Source material →
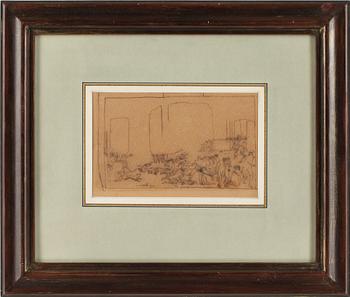 Carl Fredrik Hill · CARL FREDRIK HILL, tuschteckning.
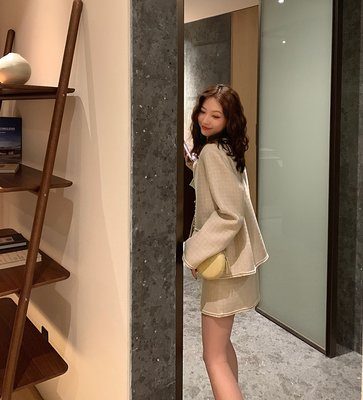 taobao agent Woolen double-sided autumn jacket, mini-skirt, set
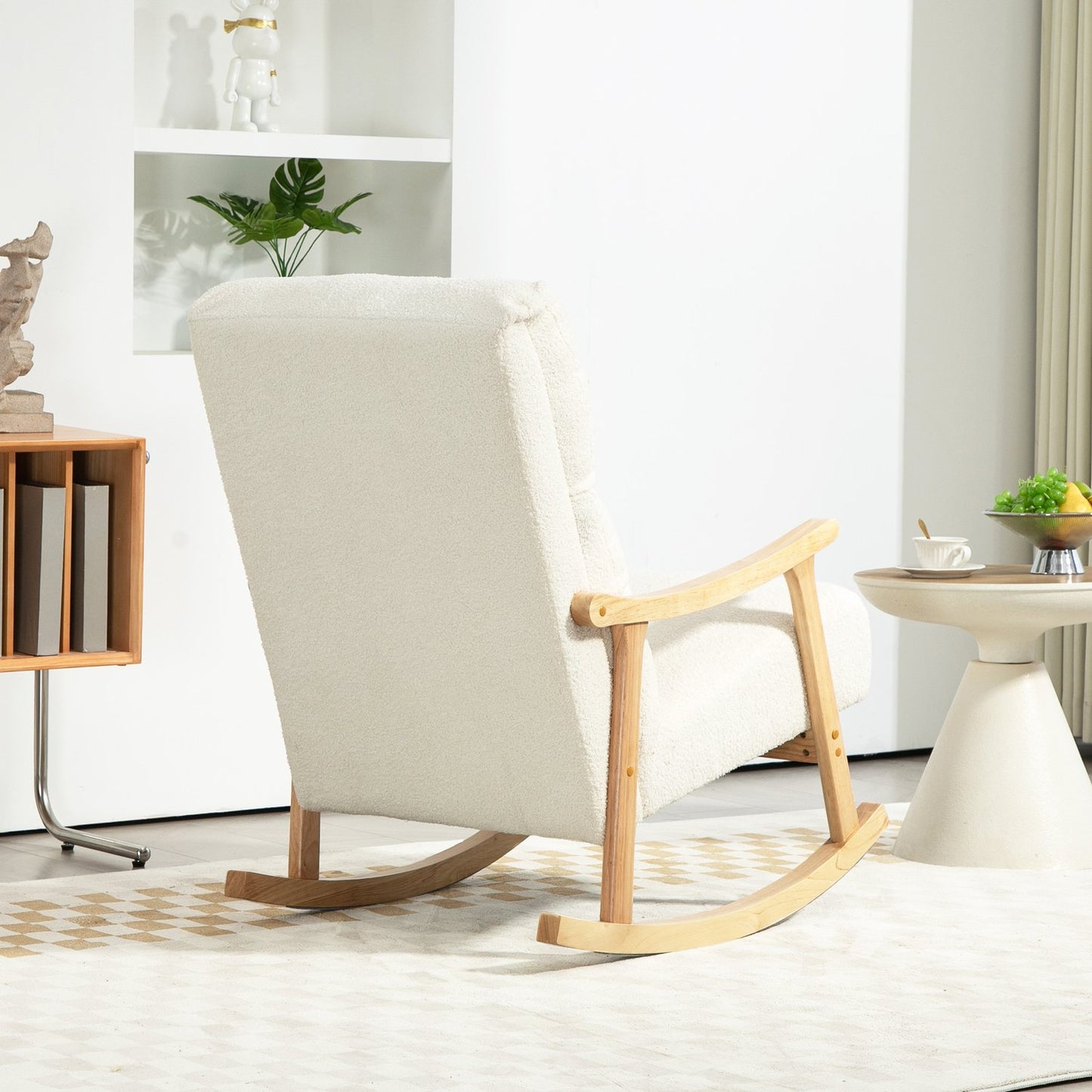 Cream White Velvet Look rocking chair for bedroom & living room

Problem to work on → Copy only this, please: the line with "taobao agent Woolen" and every line after it through the end of the data, with no pictures.

Task output →
 taobao agent Woolen double-sided autumn jacket, mini-skirt, set
 Cream White Velvet Look rocking chair for bedroom & living room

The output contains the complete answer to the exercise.